Anti-Cruelty
- Formation: 1899
- Headquarters: Chicago, Illinois, US
- Website: anticruelty.org

= Anti-Cruelty Society =

Non-profit organization in Chicago, Illinois, US

 Anti-Cruelty is an animal welfare organization and animal shelter in the River North neighborhood of Chicago, Illinois. Anti-Cruelty is a private, not-for-profit humane society that does not receive government assistance. It is one of the largest such organizations in the United States. The organization offers adoption, veterinarian, and training services.

It was founded on January 19, 1899, by a group of Chicago residents who had concerns about the treatment of the city's animals, from stray cats and dogs, to workhorses, to livestock. Anti-Cruelty exists to prevent cruelty to animals and to advance humane education. Their mission is building a community of caring by helping pets and educating people.
== History ==

=== 1899–1911 ===
Rosa Fay Thomas founded Anti-Cruelty on March 7, 1899, in Chicago and was elected first acting president, upon the belief that society had an obligation to care and raise awareness for animals living in cruel conditions. Its first shelter for small animals opened in 1904. Anti-Cruelty’s first campaign to eliminate animal mistreatment/provide better care for animals involved improving the living and working conditions of workhorses in the city of Chicago in 1905. Early goals of the foundation concentrated on endeavors for workhorses, livestock, and small animals. For a short time, in addition to animal welfare, Anti-Cruelty focused its efforts on child welfare cases. In 1906, the State of Illinois allotted a charter to the Anti-Cruelty to ensure the welfare of both animal and child welfare. During this time, the Anti-Cruelty implemented its first humane education movement to provide basic access to literature and lectures.

=== 1911–1949 ===
The demand for services provided by Anti-Cruelty grew exponentially during the Great Depression.

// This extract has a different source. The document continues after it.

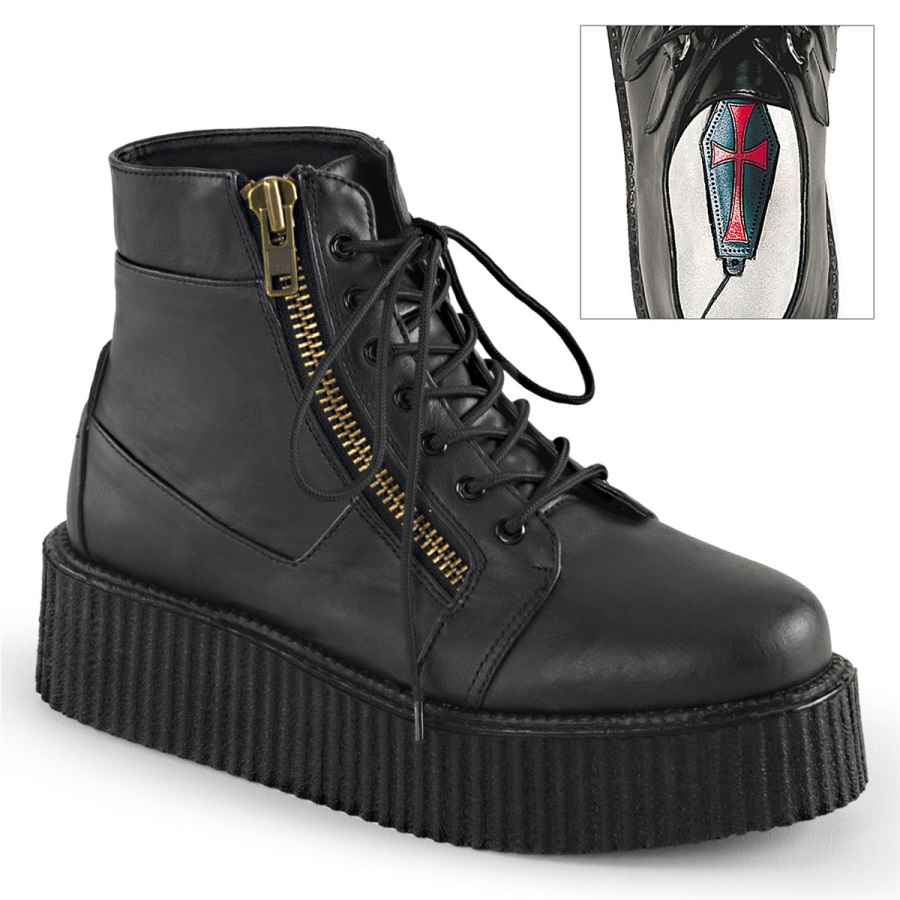 V-creeper-571 Zwart Vegan Leer Demonia Nederland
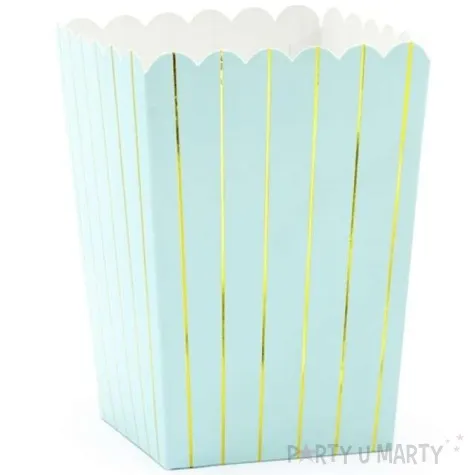 pudelka na popcorn classic paski blekitne partydeco 6 szt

Anti-Cruelty runs through the funds that are donated to them. Anti-cruelty started after Rosa saw the mistreatment of horses. One of their first acts of business was putting up drinking fountains for the horses.

=== 1950–2000 ===
In 1976, Anti-Cruelty began the volunteer program that is still open available today.

Anti-Cruelty's Mobile Vaccination Clinic began in 1986 offering free exams and vaccinations for cats and dogs to the disadvantaged neighborhoods in Chicago.

=== 2001–2010 ===

As of 2010, Anti-Cruelty has been using the services provided by Pet Point Data Management System, run by PetHealth. They provide inventory on adoptable cats and dogs which can help keep track of animal populations and facilitates the adoption processes. This service is provided for free to non-profit animal organizations and when an animal is adopted they provide a trackable chip.

=== 2011–2020 ===
In 2014, Chicago's Alderman passed the Anti-Puppy Mill Ordinance 49-1, which did not allow dogs, cats and other animals to be sheltered if they came from large-scale breeding operations. This helps to prevent the animals that are in current shelters to be forgotten about; sales on animals made by breeders often get sold in pet shops which leaves animals in shelters, who are usually mixed breeds and older to be overlooked.

In the pandemic of 2020, with a grant from PetSmart Charities, Anti-Cruelty offered supplies of pet food to families affected by COVID-19. Anti-cruelty also expanded the "Friends Who Care" program to help pet owners receive veterinarian services for their pets.

Before Illinois' stay-at-home order in March 2020, Anti-Cruelty urged people to foster animals because of an influx of pets and a limit of space in the shelters.

== Services ==

=== Adoption ===
Anti-Cruelty has a yearly event, "Clear The Shelters", where the adoption fees are waived and all their pets are up to date in vaccines.

=== Clinic ===
Anti-Cruelty's spay/neuter clinic—one of the highest volume spay/neuter clinics in the country—performed over 12,000 surgeries and also found new homes for nearly 6,000 animals.